The city of Oklahoma City opened its first public fueling station for compressed natural gas as it continues to remake its fleet.
Two CNG pumps — one for buses and another for cars and trucks — are open to the public at the city’s solid waste management facility at 11501 N Portland. The grand opening was Wednesday afternoon.
The $2.8 million facility also boasts 58 more CNG hoses behind the fence, allowing the solid waste department to fuel its growing fleet of trash trucks without having to wait in line at a public fueling station.
Superintendent Jim Linn said the department has 23 CNG trash trucks, with about a dozen more on order.
He said all of the city’s heavy-duty trucks will be fueled by natural gas instead of diesel by 2017.
Councilman Patrick Ryan said Wednesday the fueling station is an “important asset” for Oklahoma City as a leader in using CNG as an alternative fuel.
Linn said the switch will drastically reduce the department’s fuel costs.
“It’s crazy,” he said. “You’re talking about a 50 percent reduction in your fuel costs.”
Officials said the city currently pays $3.33 a gallon for diesel, while it is selling CNG for $1.519 a gallon.
Natural gas also is a cleaner fuel, releasing fewer emissions into the air when it is burned for fuel, said Yvonne Anderson, director of the Association of Central Oklahoma Governments’ alternative fuel programs.
Anderson said the city’s new fueling station could spur other fleet operators to switch to CNG since it includes a fast-fill nozzle for heavy duty trucks.
“Fleets that are contemplating switching to CNG and that make deliveries around the city or region, such as beverage trucks, now have another easily accessible station for refueling. Same with other private industry refuse and recycling trucks that serve nearby areas, and even large trucks making deliveries to grocers,” she said. “The station is reasonably accessible from the Kilpatrick Turnpike and Hefner Parkway, so that opens up another opportunity for these delivery and over-the-road fleets to refuel.
“I think knowing that the station is available may make routing and refueling with CNG even more attractive to fleets that may be sitting on the fence.”

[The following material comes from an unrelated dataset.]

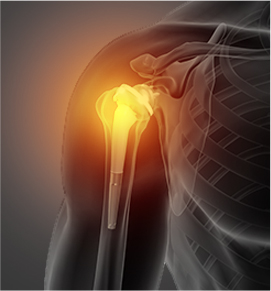 Reverse-Shoulder Arthroplasty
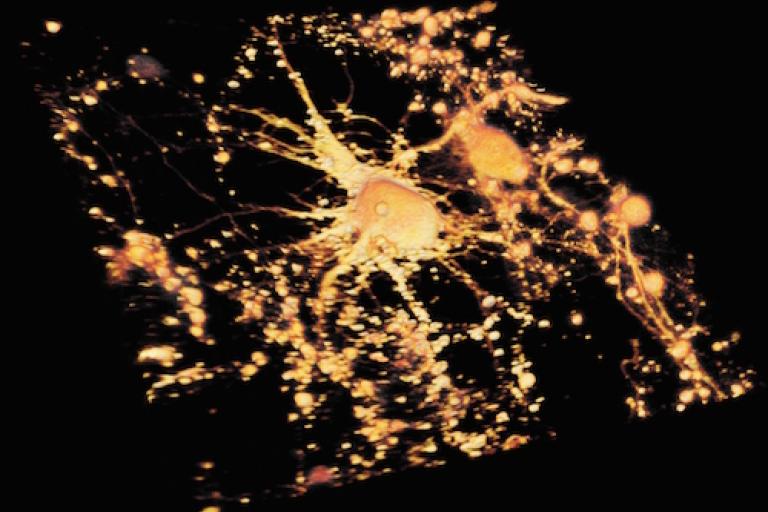 Neurons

Oklahoma City’s fleet has more than 100 CNG vehicles, with two other private fueling stations to serve them.
The city’s utilities department has been using CNG since the early 1990s, assistant director Brett Weingart said, but better technology makes natural gas vehicles a much better investment now.

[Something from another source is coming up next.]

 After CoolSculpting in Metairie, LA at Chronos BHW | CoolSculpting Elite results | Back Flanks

He said CNG is an attractive option for refuse trucks because they only get about 2 miles a gallon while picking up more than 1,000 trash cans over a typical 10-hour day.

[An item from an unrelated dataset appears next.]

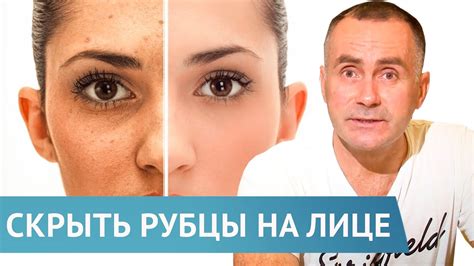 Как распознать неоднородный рубец?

CNG adds about $45,000 to the cost of a side-load trash truck, but Weingart said that can be paid off in less than three years because of cheaper fuel. The additional savings that come during the life of the truck will be used to pay for the fueling station.
The city’s newest fueling station was built through a unique public-private partnership with Gayle Armstrong Construction and Tim Johnson and Associates that took advantage of available tax credits for CNG infrastructure.